Mondial au Qatar : pourquoi c’est aussi un enjeu régional

Gérald Papy
Gérald Papy Rédacteur en chef adjoint

Les Emirats arabes unis à Manchester City, le Qatar au PSG et l’Arabie saoudite à Newcastle: la bataille du soft power des puissants du Golfe se règle dans le foot.

Le 23 novembre 2010, Nicolas Sarkozy, alors président de la République française, reçoit à déjeuner à l’Elysée, le prince héritier du Qatar Tamim bin Hamad al-Thani (il deviendra émir le 25 juin 2013), le Premier ministre Hamad bin Jassem al-Thani et le président de l’Union des associations européennes de football (UEFA), Michel Platini. Le 2 décembre 2010, la Fifa désigne le Qatar pour accueillir le Mondial 2022. Michel Platini, auquel on prêtait une préférence pour celle des Etats-Unis, vote en faveur de la candidature de l’émirat. En mai 2011, le Qatar Sports Investments (QSI) procède au rachat, à hauteur de 70%, du club de foot du Paris Saint-Germain. Cette séquence est l’objet d’une enquête de la justice française pour suspicion de pacte corruptif. Toujours est-il que le chiffre d’affaires du PSG, établi à 90 millions d’euros avant ce rachat, a atteint les 700 millions d’euros en 2022.

Amnesty International n’hésite pas à dénoncer dans le rachat de Newcastle par l’Arabie saoudite «une opération de blanchiment d’image».

Le club parisien est devenu le modèle de la stratégie sportive de l’émirat en remplissant l’objectif de la rentabilité financière et celui du soft power. Malgré la priorité mise par le Qatar sur ce type d’investissement, il n’est pourtant pas le premier pays du Golfe persique à avoir suivi cette voie. Au sein de la fédération des Emirats arabes unis, Abou Dhabi a perçu plus tôt le filon que pouvait offrir le football professionnel en plein développement lié à l’explosion des tarifs des droits de télévision. Dès septembre 2008, le conglomérat Abu Dhabi United Group, propriété du cheikh Mansour, demi-frère du président de la Fédération des émirats Khalifa ben Zayed Al Nahyane (décédé cette année), rachète la formation de Manchester City «pour attirer l’attention du monde entier sur Abou Dhabi». Le montant de l’opération est estimé entre 185 et 260 millions d’euros. Le club petit frère de Manchester United l’a désormais supplanté en qualité et a remporté six titres de champion depuis l’arrivée des Emiratis.

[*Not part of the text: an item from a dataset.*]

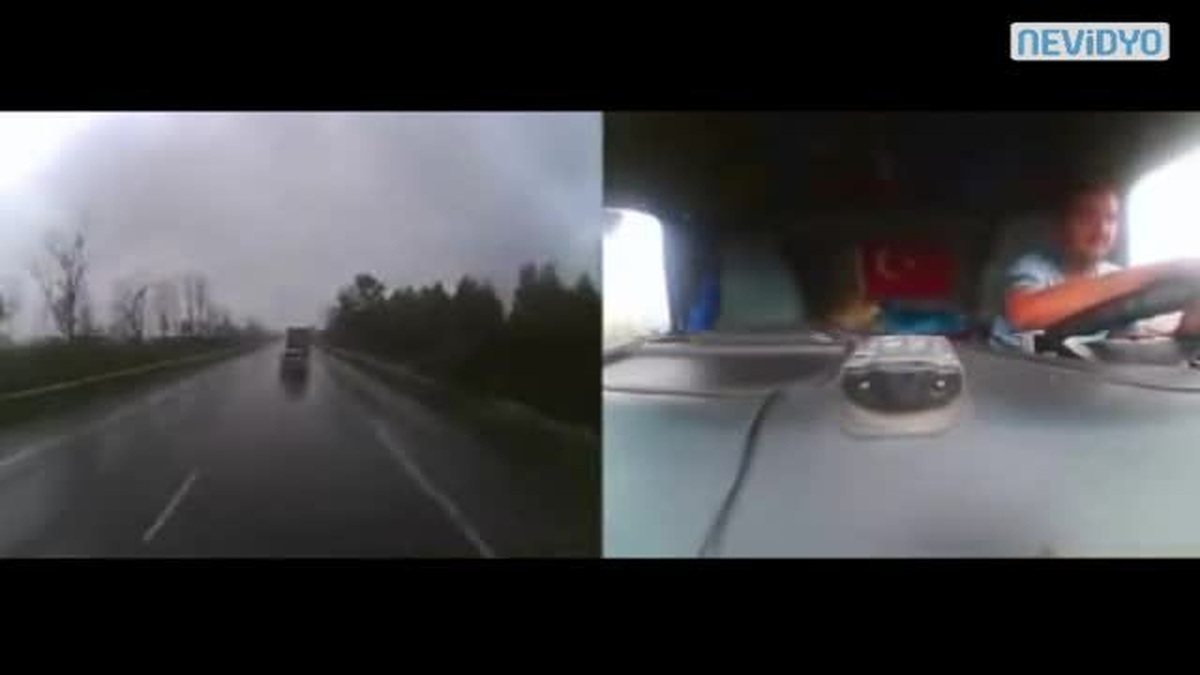Türk Tır Şoförü Rusya\'yı Karıştırdı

Une campagne à 333 millions d’euros

Sur la scène géopolitique du Golfe, devant le Qatar et les Emirats arabes unis, c’est l’Arabie saoudite qui compte. Il aura pourtant fallu attendre 2021 pour la voir s’intéresser à la manne du football anglais. Le Public Investment Fund acquiert le 7 octobre 80% des parts du club de Newcastle. Comme l’opération survient trois ans après l’assassinat du journaliste et opposant Jamal Khashoggi, commandité par le prince héritier Mohammed ben Salmane, Amnesty International n’hésite pas à dénoncer alors «une opération de blanchiment d’image». Une campagne de relations publiques évaluée à 333 millions d’euros, tout de même.

Mais qui ravit les supporters du club de la ville du nord-est de l’Angleterre. Sauvé de justesse de la relégation lors de la saison 2021-2022, Newcastle revit, et, troisième du championnat avant la trêve internationale, brigue une des quatre premières places qualificatives pour la lucrative Ligue des champions. Or, sa politique de recrutement brille par son efficacité et est moins bling-bling que celle du PSG. L’Arabie saoudite aurait-elle appris de l’expérience du Qatar?